In this connection notice very carefully what this passage declares. In verse eleven we read: “God wrought special miracles by the hands of Paul.” Here is a distinction not to be lightly passed over. Luke did not say that Paul wrought miracles in Ephesus, but that God wrought them by the hands of Paul. In the first sermon preached in the power of the outpoured Spirit, which sermon was the result of the illumination and explanation of Christ through the Spirit to the preacher, Peter spoke of the miracles, and said quite distinctly, “Jesus of Nazareth, a man approved of God unto you by mighty works and wonders and signs, which God did by Him in the midst of you.” This man did not work miracles, nor even our Lord Himself, in the loneliness of His human nature; they were both instruments through whom God was able to perform things that were wonders to men, who could not understand the higher laws by which they were made possible. A miracle is not a violation of law, but an activity of law in the realm of laws higher than we know, and, therefore, full of surprise to men, but of no surprise to God. God is not imprisoned within those few laws that man has been able to discover. God is bound by the laws of His own universe, but we do not know them all; and consequently, when we see an activity within the realm of the ultimate and final laws, we call it a miracle, and so it is, a thing of wonder and surprise, but not a violation of law, not a setting aside of law.
Take the instances given here. It is affirmed that men took from the person of this man Paul, handkerchiefs and aprons, and carrying them to sick people, they were healed by touching them. That is a miracle to us; but if God so chose through this man Paul, to work the healing wonder, I deny that it was incredible. There is a humanness in all this, and it is very interesting. They took the handkerchiefs and the aprons. “Handkerchief " is a most misleading word. To be quite literal in our translation, they took the sweat-cloths and aprons, the two things that Paul made use of as he worked.
Paul did not work the miracle. God wrought the miracle; and if God shall honour the faith of superstitious people within the realm of a magic they understand, who am I that I should question God? God wrought special miracles, like the very magic with which these people were acquainted; and by the working revealed the fact that the magic itself was of spiritual activity; and therefore there needed to be no acceptance of a philosophy because its propounders wrought wonders. Evil men have often wrought wonders. The devil can work miracles to our poor blind eyes; and demons have astonished men by the wonders they have wrought. The miracle is not a demonstration that the spirit producing it is good.

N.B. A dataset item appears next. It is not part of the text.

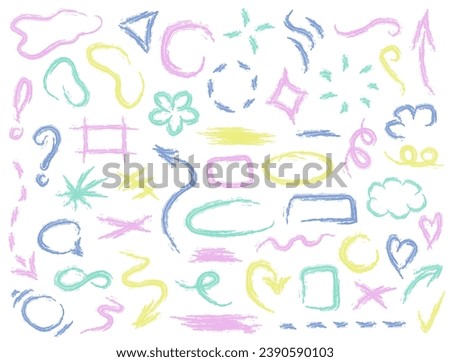 Collection of cute pastel linear sketchy frames, ovals, squares, arrows, check marks, crosses, underlines, chat bubbles, emphasis, numbers, etc. Colorful doodle brush or pencil childish scribbles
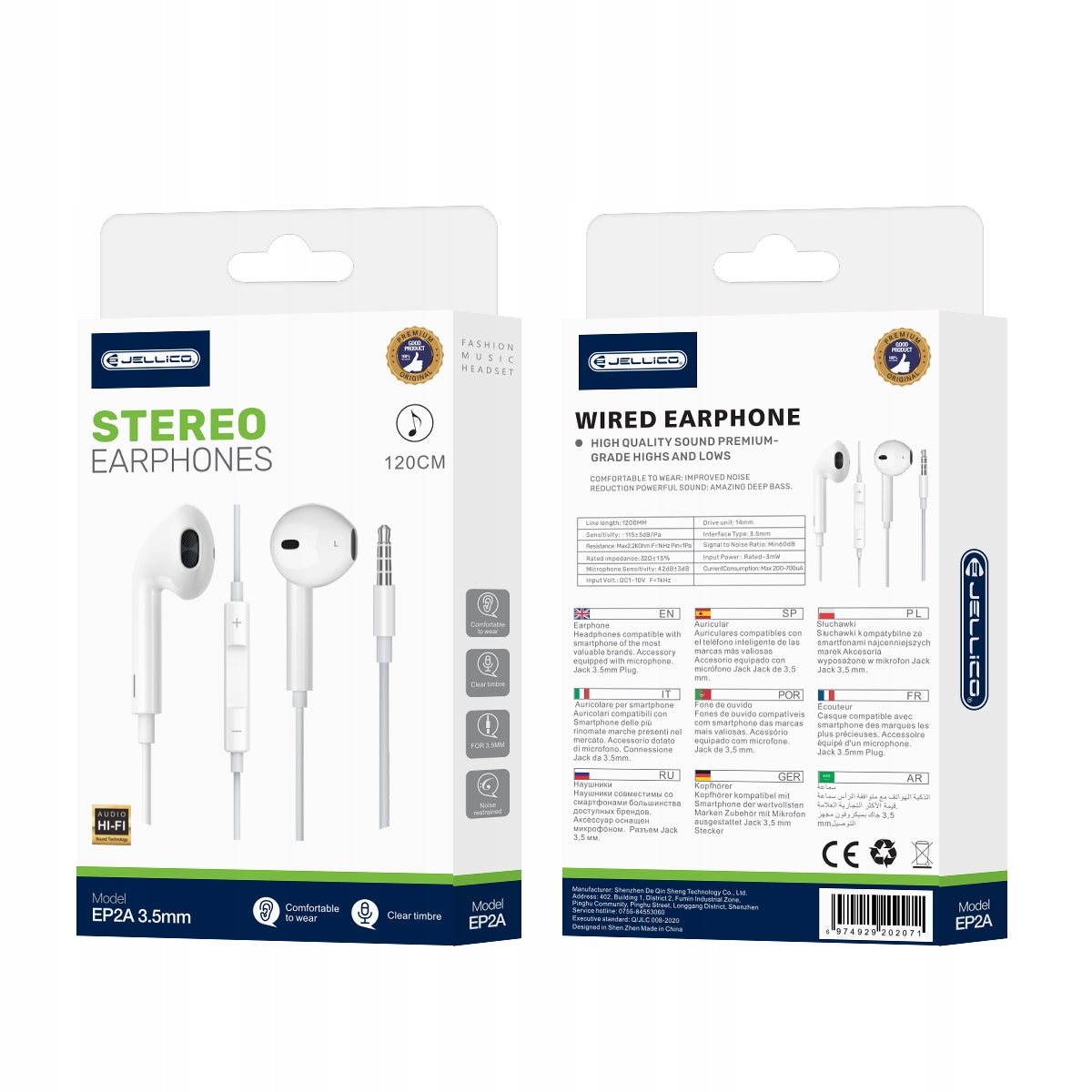 Jellico EP2A Jack 3.5MM Wired Headphones with Microphone 1.2M White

It is a demonstration of spiritual activity, of an activity in a realm beyond and outside that of which we are conscious.
So in this city full of magic, full of humours and systems and incantations and exorcisms, God wrought special miracles; and people, taking even the garments Paul wore in his work, their sick were cured, and evil spirits were cast out. God condescended to work not on a higher plane, but on a lower plane; for every miracle wrought in the material is a miracle wrought on a lower plane than the miracles wrought in the spiritual. The greater triumphs were not the healing of these people, but the spiritual wonders wrought in those who were made children of God, and brought to high morality of life. Yet for the capture of these people, and their convincing, it was shown them that the wonders that they associated with an evil form of religion, could be wrought, and were wrought, in the Name, the holy Name, which this man taught and preached.

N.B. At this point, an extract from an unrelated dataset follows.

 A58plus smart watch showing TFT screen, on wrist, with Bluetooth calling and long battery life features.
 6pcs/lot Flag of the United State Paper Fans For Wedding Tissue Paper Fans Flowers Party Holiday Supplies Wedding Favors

These victories created a crisis. There were exorcists who now attempted to work with Paul’s method. They had used other charms and incantations, but now they began to say, “I adjure you by Jesus Whom Paul preacheth.” The result was immediate. Victories cannot thus be won by people who are so far apart from the One Who wins the victory. When these men said, “I adjure thee by Jesus Whom Paul preacheth,” in a moment the answer came from the evil spirit, “Jesus I recognize, and Paul I know; but who are ye?” These men found that they could not traffic with the name of Jesus. That which impressed the city, and filled it with fear, was not the wonders wrought by Paul, but the fact that when some one else tried to work with his tools or implements, or Name, they were defeated.
Thus through the victories won over these forces of evil by the Spirit through His servant, the Name was magnified, and the Church was purified. That sacrificial fire, that burning of the books of magic was not the burning of books belonging to the Ephesians still remaining in idolatry. They were books belonging to people in the Church. They came, confessing that they still practised the black arts, and still had traffic with these unholy things, and so the fire was lit.

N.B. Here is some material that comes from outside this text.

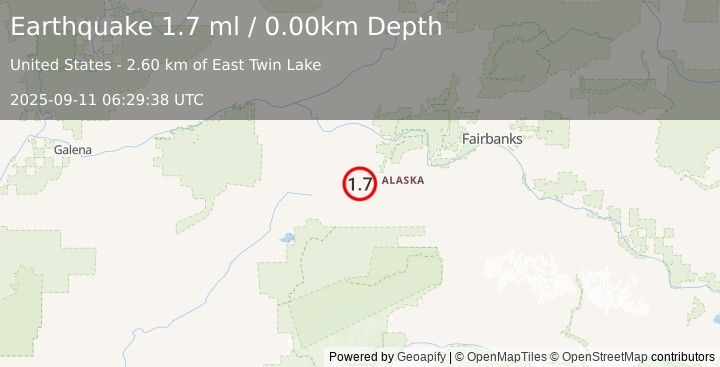 Earthquake 65 km S of Manley Hot Springs, Alaska (1.7 ml) (2025-09-11 06:29:38 UTC)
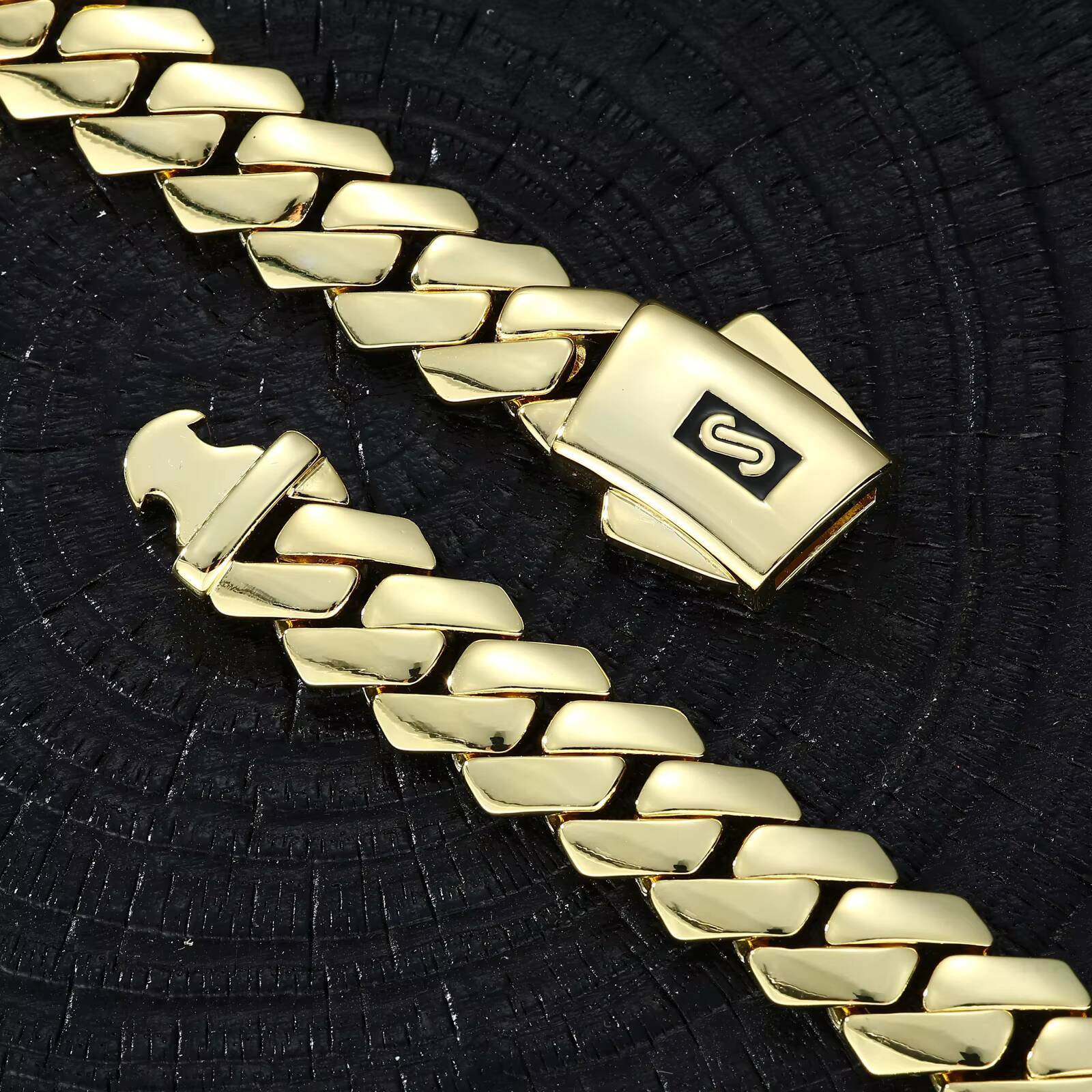 Cadenas De Oro 14k Cubana EDGE Plain Lock Men Luxury Hip Hop Jewelry 12mm 14K Gold Plated Miami Cuban Link Necklace Monaco Chain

“So mightily grew the Word of the Lord, and prevailed.” That was the impression made upon Luke as he heard or knew the story of these years at Ephesus, and committed it to those brief pictures. The word “mightily” means with resistless and overpowering strength. All kinds of facts and forces were pressed into the service of the Word, and made tributary to the carrying on of the work; the synagogue of the Jews, or the school of a Greek teacher; special miracles wrought; imitation mastered; the anger of demons. All these things were made tributary to the victory of the Word, and led up to the final statement; all must be included within it; “So mightily grew the Word of the Lord.”
If we have Paul’s vision, Paul’s conception, we shall not say, There are many adversaries, therefore we must abandon the work; but rather we must stay until Pentecost, and prosecute His great enterprises, “Buying up the opportunity, because the days are evil.” That is the spirit of this story. The days were evil days. Evil days created the opportunity for God-sent men.
If we would see the Word of God grow mightily and prevail in our own city, we need to ponder this story carefully, and find out the secrets here revealed; to yield ourselves to this Spirit of God; to serve this same Lord with equal lowliness of mind, and sincerity, and sacrificial earnestness, as did this man Paul. Then the Word of God to-day as ever, will grow mightily, and prevail.
Acts 19:21-41 The chief interest of this passage centres in the uproar in Ephesus. The first brief paragraph contained in verses 21 and 22 (Acts 19:21-22) is really preparatory to all that remains of the book.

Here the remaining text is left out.